A virtual host named “i+” has been put into use for the upcoming Beijing 2022 Olympic and Paralympic Winter Games. Empowered by intelligent speech recognition technology, it can translate Mandarin Chinese into English, French, Japanese, and other languages in real time, spreading knowledge about the Beijing 2022 to the world more quickly.
Intelligent speech recognition technology has been increasingly integrated into terminal applications to serve people’s everyday life. Besides AI host, its application scenarios also includes smart fitness mirror, smart wearables that can assist couriers in collecting and delivering parcels, and intelligent mouse that can type automatically when you talk.
Intelligent voice industry, as an important part of the software industry, has entered a new stage characterized by high-speed development, said Wang Jianwei, deputy director of the information technology department at China’s Ministry of Industry and Information Technology (MIIT), at the China Intelligent Voice Industry Development Summit Forum held in December 2021.
China’s intelligent voice industry has grown vibrantly in recent years, with breakthroughs made in core technologies, Wang said, adding that the accuracy rate of speech recognition has reached 98 percent.
The size of China’s intelligent voice market hit 21.7 billion yuan ($3.4 billion) in 2020, an increase of 31 percent from the previous year, and is projected to rise 44 percent year on year to 28.5 billion yuan in 2021, effectively driving industrial digitalization, pointed out a white paper on the development of China’s intelligent voice industry (2020-2021) released on Dec. 18, 2021.
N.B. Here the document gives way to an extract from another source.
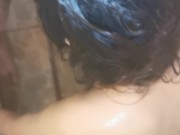  BAÑANDOSE y termina dandome una mamada 12/16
In the world where all things are connected, more smart devices are required to be controlled from a distance, which brings about opportunities for the industry, said Liu Qingfeng, chairman of the council of the Speech Industry Alliance of China (SIAC) and chairman of iFlytek, a leading Chinese AI firm.
The number of smart devices driven by rising demand for speech interaction is increasing rapidly, Liu noted, adding that the amount of interaction services handled by the company’s voice assistants registered a year-on-year increase of 84 percent in 2021.
Intelligent voice technology is faced with three major challenges, including multilingual intercommunication, human-machine interaction in complex scenarios and multi-modal virtual world, Liu pointed out.
Multilingual intercommunication not only includes foreign languages, but also dialects in China; effective interaction in complex scenarios calls for accurate speech recognition when several people are talking at the same time; and multi-modal interaction means adding timbre, tone, expression, mouth shape and other factors to voice to make speech recognition more intelligent, Liu explained.
It’s estimated that the recognition rate of iFlytek products increased from 69 percent to 80 percent in complex scenarios in 2021, according to Liu.
The key innovation drivers of the future development of the intelligent voice industry include unsupervised learning, multi-modal fusion and innovative cross-disciplinary research in brain science, the white paper said.
Algorithm concerning unsupervised learning and low-resource model algorithm still need major breakthroughs; and in terms of AI chips, the foundation of computing power, China needs to hurry to catch up with frontrunners in the world.
According to Wang, the MIIT plans to push ahead with the high-quality development of intelligent voice industry in three aspects.
The ministry will call on regional departments to gather pace in formulating industrial policies that promote the integrated development of intelligent voice technology and the real economy, he noted.
Meanwhile, it intends to encourage leading enterprises and scientific research institutions to join hands for further technological breakthroughs to continuously improve technologies related to speech recognition, synthesis, interaction and speech chips, and build national public service platforms for intelligent voice testing to support the development of the industry, the official said.
The SIAC has already attracted over 70 enterprises with core technologies along the industry chain. At least 70 more will join the alliance in the future, with more research institutes and universities to be expected, according to Wang.
The MIIT will also expand the application scenarios of voice technology so that it can be integrated into intelligent manufacturing, smart home, smart health, education, elderly care and other fields.